### Description of the task:
All of the data is to be written out again exactly, without the pictures.

(Web page caption snippets)
■ ■ ■ ■ ■ ■ ■
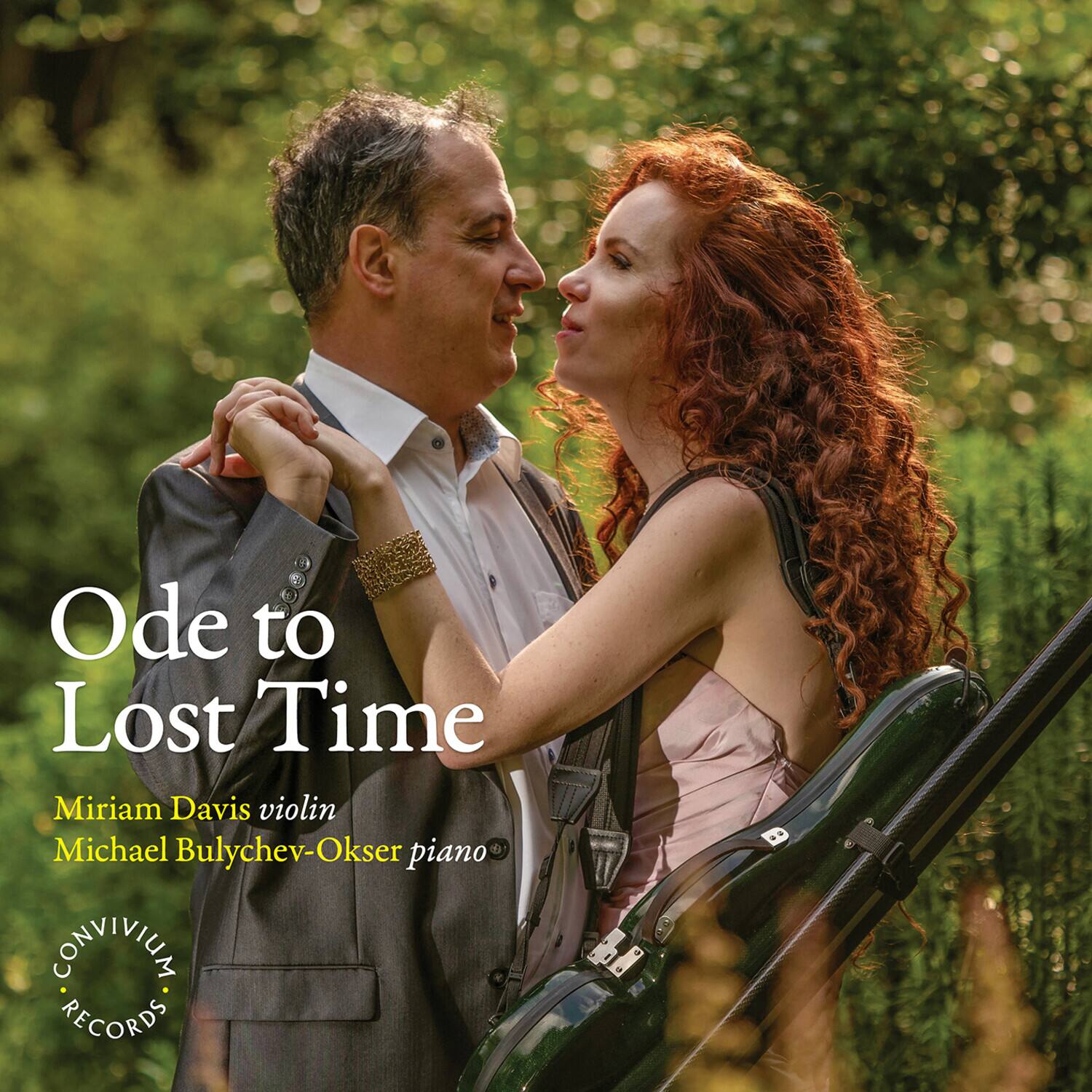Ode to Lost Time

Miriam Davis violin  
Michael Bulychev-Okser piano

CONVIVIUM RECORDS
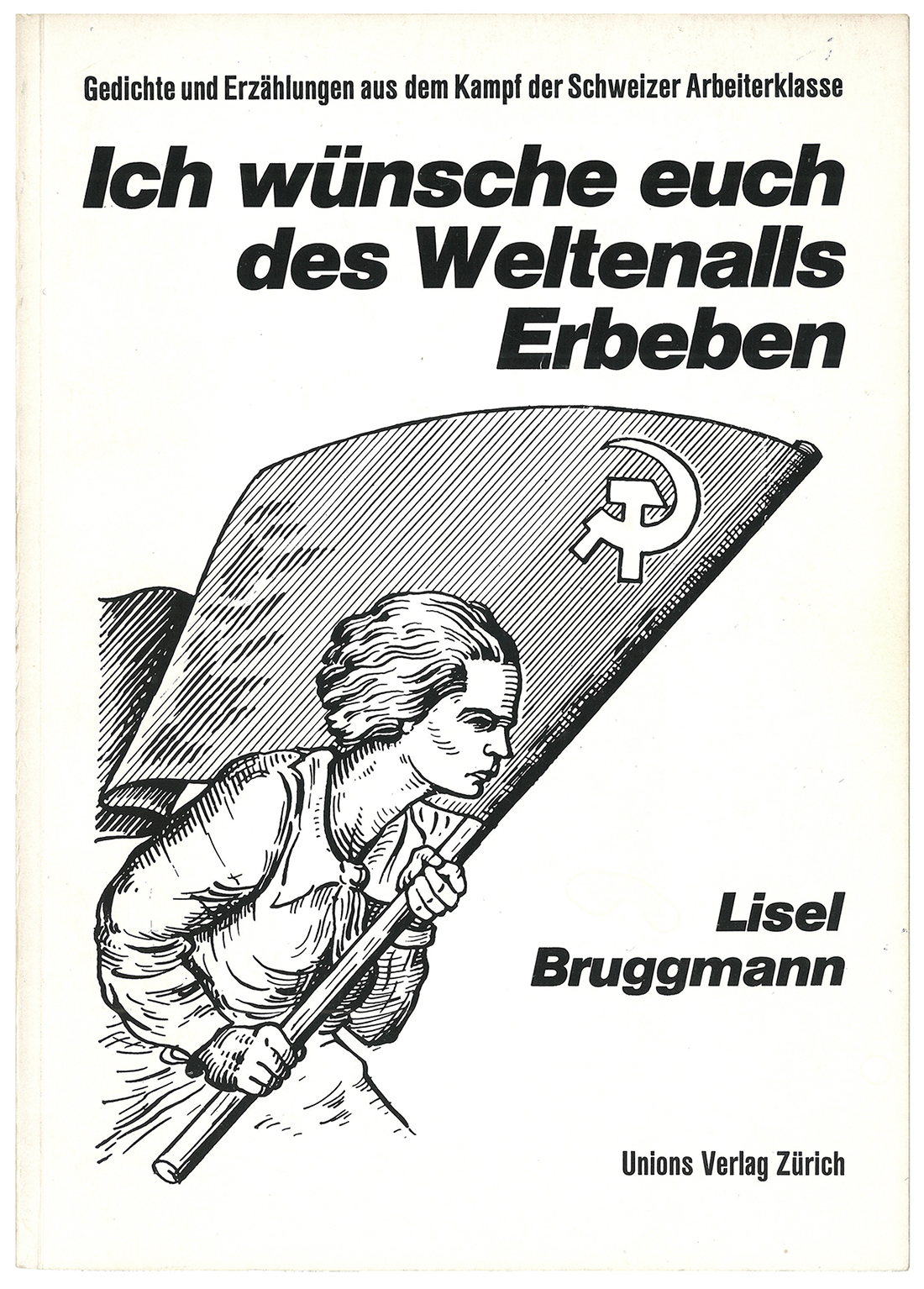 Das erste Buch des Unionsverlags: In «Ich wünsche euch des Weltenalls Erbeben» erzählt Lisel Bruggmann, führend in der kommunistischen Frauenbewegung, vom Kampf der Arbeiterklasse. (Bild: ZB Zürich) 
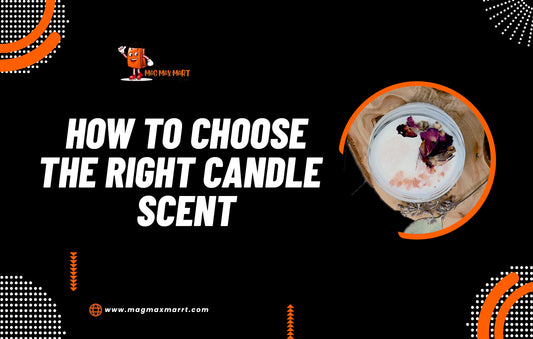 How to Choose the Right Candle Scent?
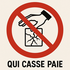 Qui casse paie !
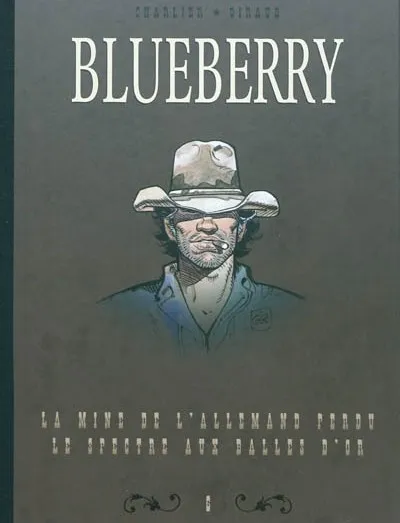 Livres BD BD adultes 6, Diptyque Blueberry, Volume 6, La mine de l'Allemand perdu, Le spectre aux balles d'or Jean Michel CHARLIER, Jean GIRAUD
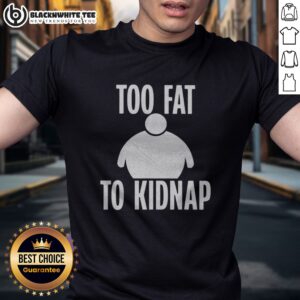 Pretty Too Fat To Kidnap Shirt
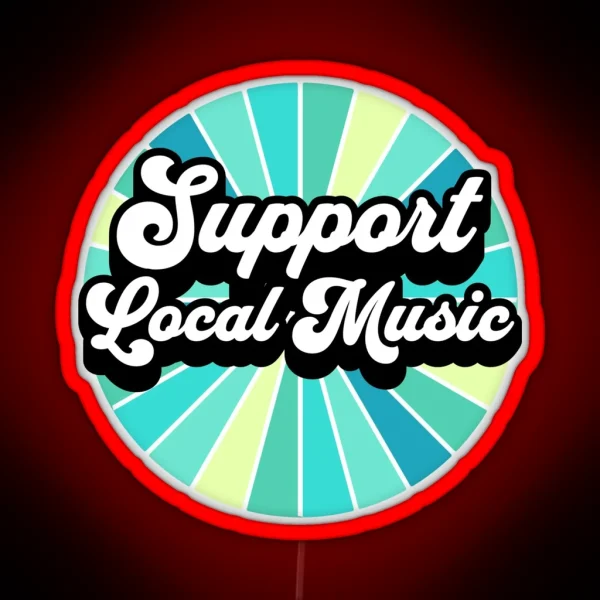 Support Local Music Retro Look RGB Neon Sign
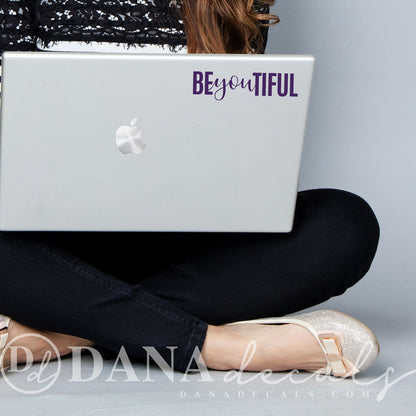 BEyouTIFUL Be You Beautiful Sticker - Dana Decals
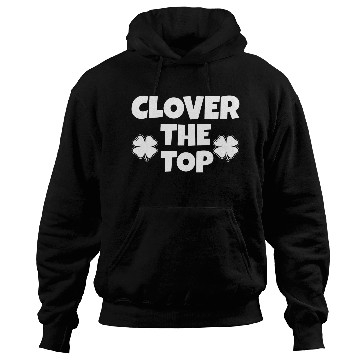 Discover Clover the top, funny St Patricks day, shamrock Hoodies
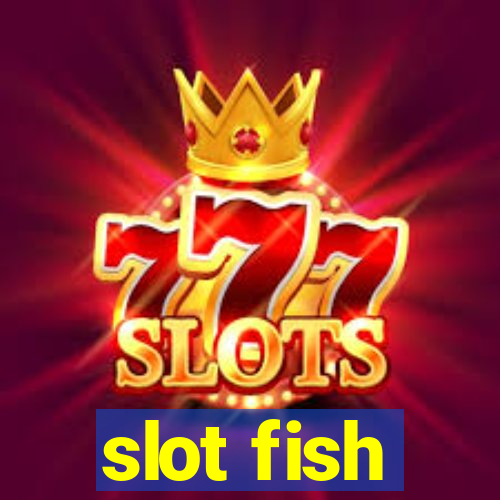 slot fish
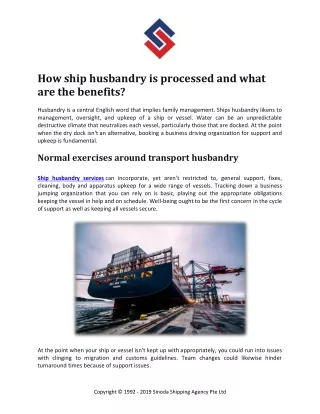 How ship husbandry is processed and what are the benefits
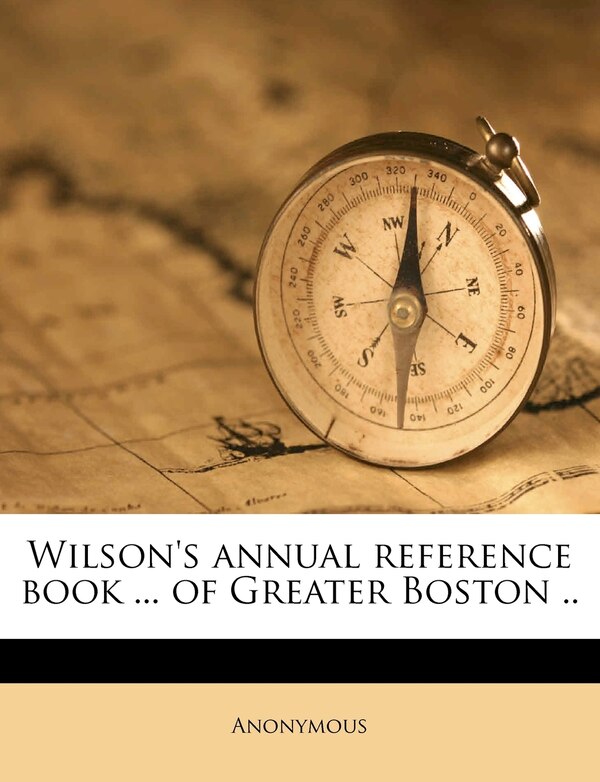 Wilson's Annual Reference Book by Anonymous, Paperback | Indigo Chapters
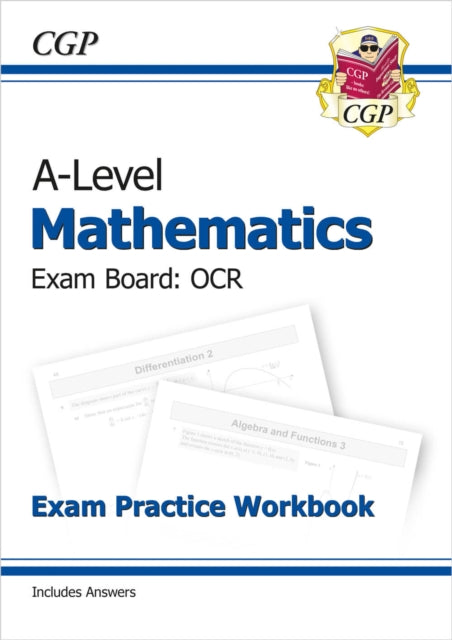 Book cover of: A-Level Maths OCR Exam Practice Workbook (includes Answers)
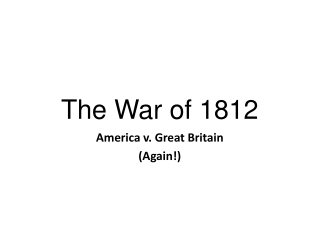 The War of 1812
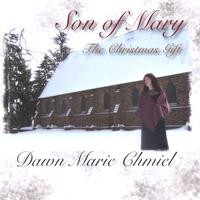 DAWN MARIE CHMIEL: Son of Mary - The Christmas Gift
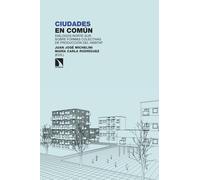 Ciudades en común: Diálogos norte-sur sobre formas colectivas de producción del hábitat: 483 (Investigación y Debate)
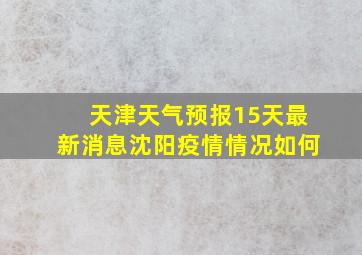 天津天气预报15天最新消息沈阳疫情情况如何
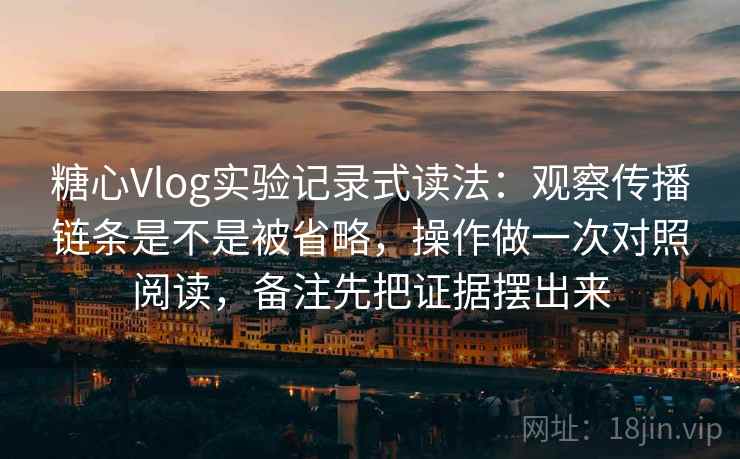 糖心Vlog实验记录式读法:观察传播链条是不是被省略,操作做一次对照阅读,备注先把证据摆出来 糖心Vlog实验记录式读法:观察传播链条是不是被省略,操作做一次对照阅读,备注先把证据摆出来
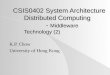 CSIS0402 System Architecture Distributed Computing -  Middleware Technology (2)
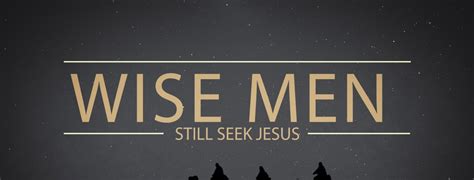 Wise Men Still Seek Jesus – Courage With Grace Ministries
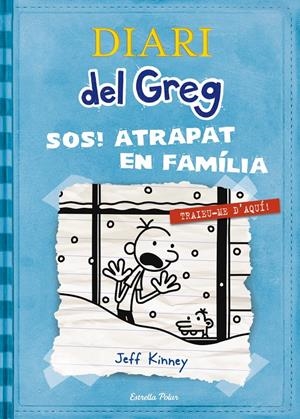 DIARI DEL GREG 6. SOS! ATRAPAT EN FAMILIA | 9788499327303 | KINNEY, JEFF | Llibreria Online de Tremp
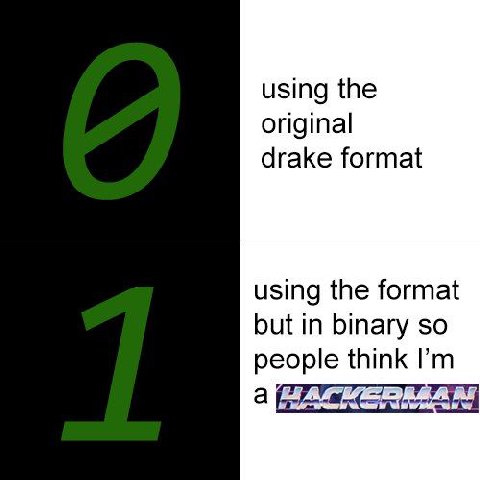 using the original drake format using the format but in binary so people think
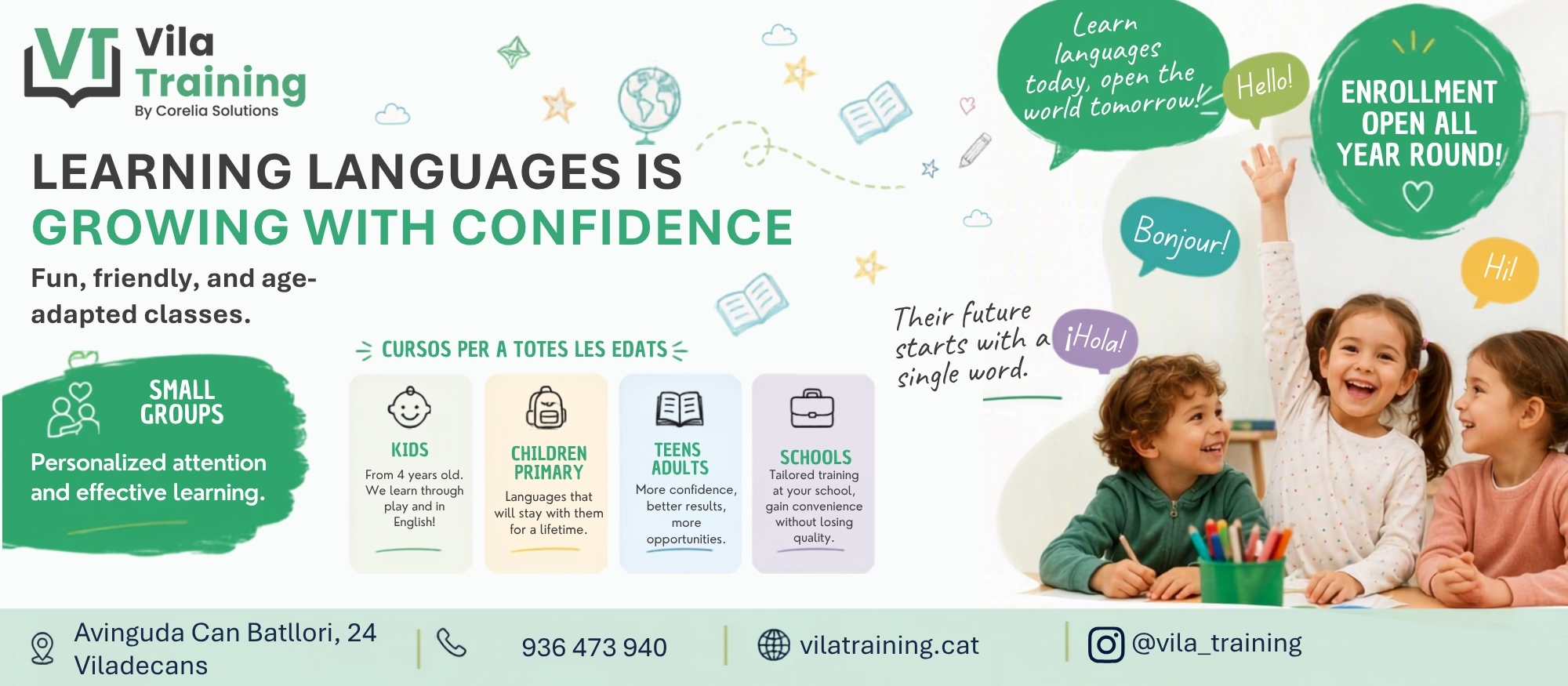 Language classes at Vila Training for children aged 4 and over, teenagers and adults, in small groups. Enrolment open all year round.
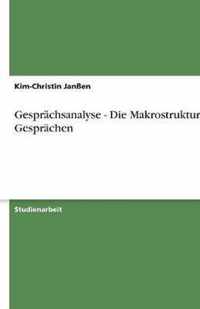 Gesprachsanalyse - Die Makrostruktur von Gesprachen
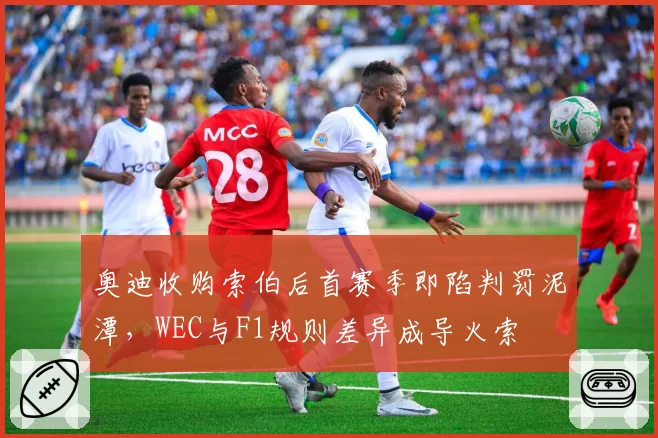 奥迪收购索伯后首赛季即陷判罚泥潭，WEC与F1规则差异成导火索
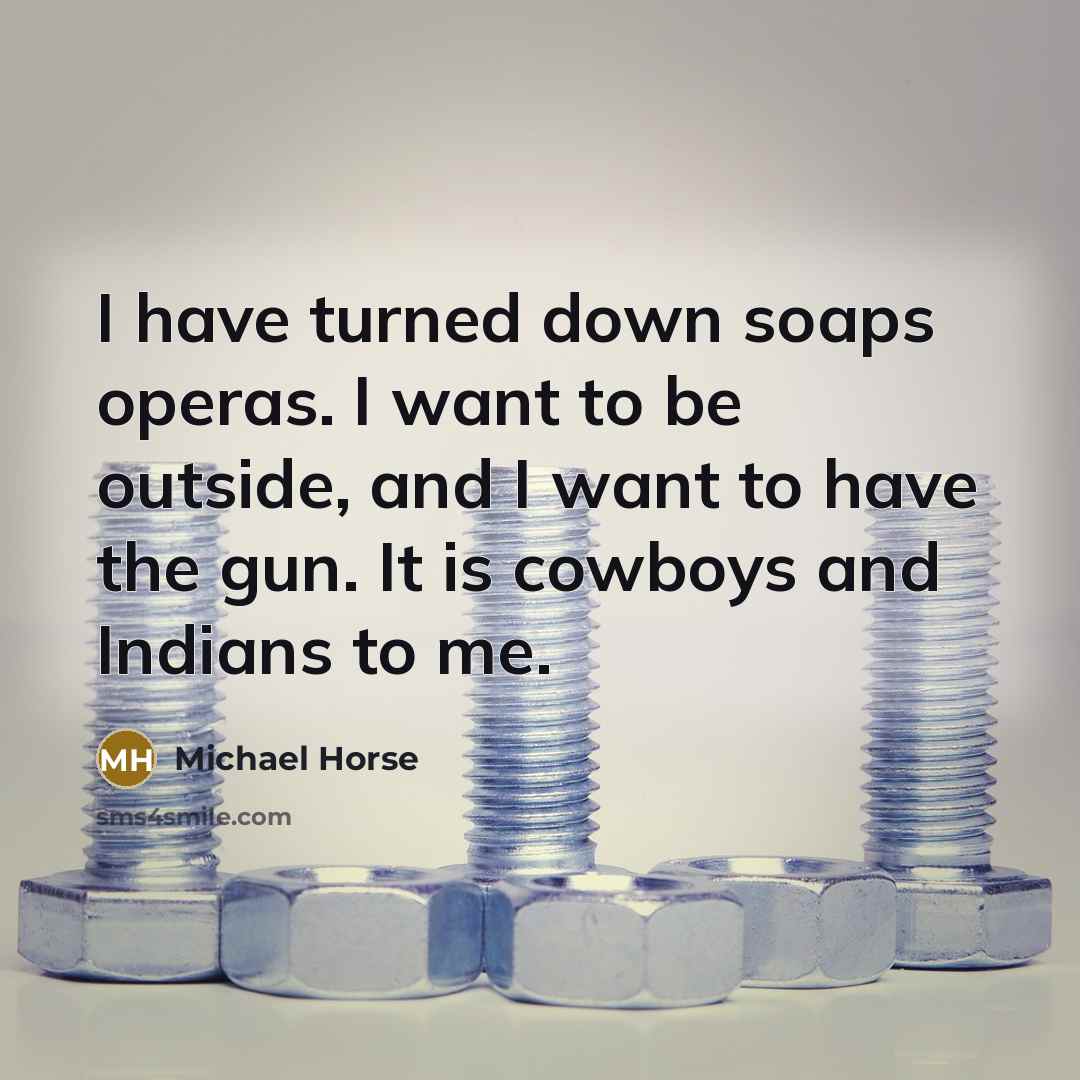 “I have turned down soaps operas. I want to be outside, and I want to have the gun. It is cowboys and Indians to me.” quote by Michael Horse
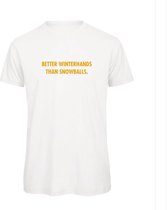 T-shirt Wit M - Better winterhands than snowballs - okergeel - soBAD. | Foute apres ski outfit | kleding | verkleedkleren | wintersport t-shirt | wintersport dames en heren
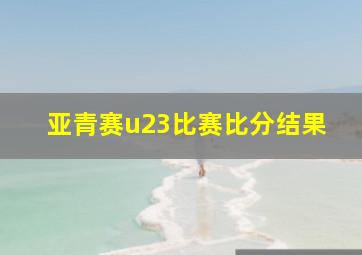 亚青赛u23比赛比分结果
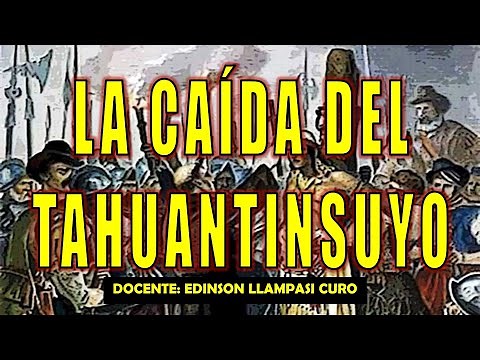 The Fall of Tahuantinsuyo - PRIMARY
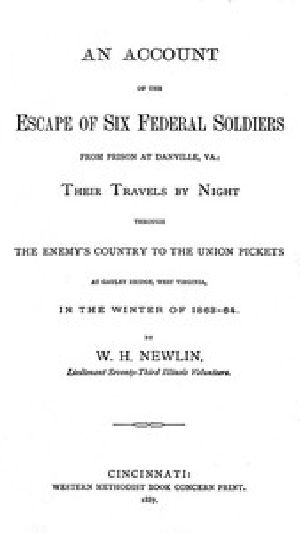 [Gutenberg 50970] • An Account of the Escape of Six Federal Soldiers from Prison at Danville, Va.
■ ■ ■ ■ ■ ■ ■
### Answer to this exercise:
Ode to Lost Time

Miriam Davis violin  
Michael Bulychev-Okser piano

CONVIVIUM RECORDS
 Das erste Buch des Unionsverlags: In «Ich wünsche euch des Weltenalls Erbeben» erzählt Lisel Bruggmann, führend in der kommunistischen Frauenbewegung, vom Kampf der Arbeiterklasse. (Bild: ZB Zürich) 
 How to Choose the Right Candle Scent?
 Qui casse paie !
 Livres BD BD adultes 6, Diptyque Blueberry, Volume 6, La mine de l'Allemand perdu, Le spectre aux balles d'or Jean Michel CHARLIER, Jean GIRAUD
 Pretty Too Fat To Kidnap Shirt
 Support Local Music Retro Look RGB Neon Sign
 BEyouTIFUL Be You Beautiful Sticker - Dana Decals
 Discover Clover the top, funny St Patricks day, shamrock Hoodies
 slot fish
 How ship husbandry is processed and what are the benefits
 Wilson's Annual Reference Book by Anonymous, Paperback | Indigo Chapters
 Book cover of: A-Level Maths OCR Exam Practice Workbook (includes Answers)
 The War of 1812
 DAWN MARIE CHMIEL: Son of Mary - The Christmas Gift
 Ciudades en común: Diálogos norte-sur sobre formas colectivas de producción del hábitat: 483 (Investigación y Debate)
 天津天气预报15天最新消息沈阳疫情情况如何
 糖心Vlog实验记录式读法:观察传播链条是不是被省略,操作做一次对照阅读,备注先把证据摆出来 糖心Vlog实验记录式读法:观察传播链条是不是被省略,操作做一次对照阅读,备注先把证据摆出来
 CSIS0402 System Architecture Distributed Computing -  Middleware Technology (2)
 Wise Men Still Seek Jesus – Courage With Grace Ministries
 DIARI DEL GREG 6. SOS! ATRAPAT EN FAMILIA | 9788499327303 | KINNEY, JEFF | Llibreria Online de Tremp
 using the original drake format using the format but in binary so people think
 Language classes at Vila Training for children aged 4 and over, teenagers and adults, in small groups. Enrolment open all year round.
 Gesprachsanalyse - Die Makrostruktur von Gesprachen
 奥迪收购索伯后首赛季即陷判罚泥潭，WEC与F1规则差异成导火索
 “I have turned down soaps operas. I want to be outside, and I want to have the gun. It is cowboys and Indians to me.” quote by Michael Horse
 T-shirt Wit M - Better winterhands than snowballs - okergeel - soBAD. | Foute apres ski outfit | kleding | verkleedkleren | wintersport t-shirt | wintersport dames en heren
 亚青赛u23比赛比分结果
 The Fall of Tahuantinsuyo - PRIMARY
 [Gutenberg 50970] • An Account of the Escape of Six Federal Soldiers from Prison at Danville, Va.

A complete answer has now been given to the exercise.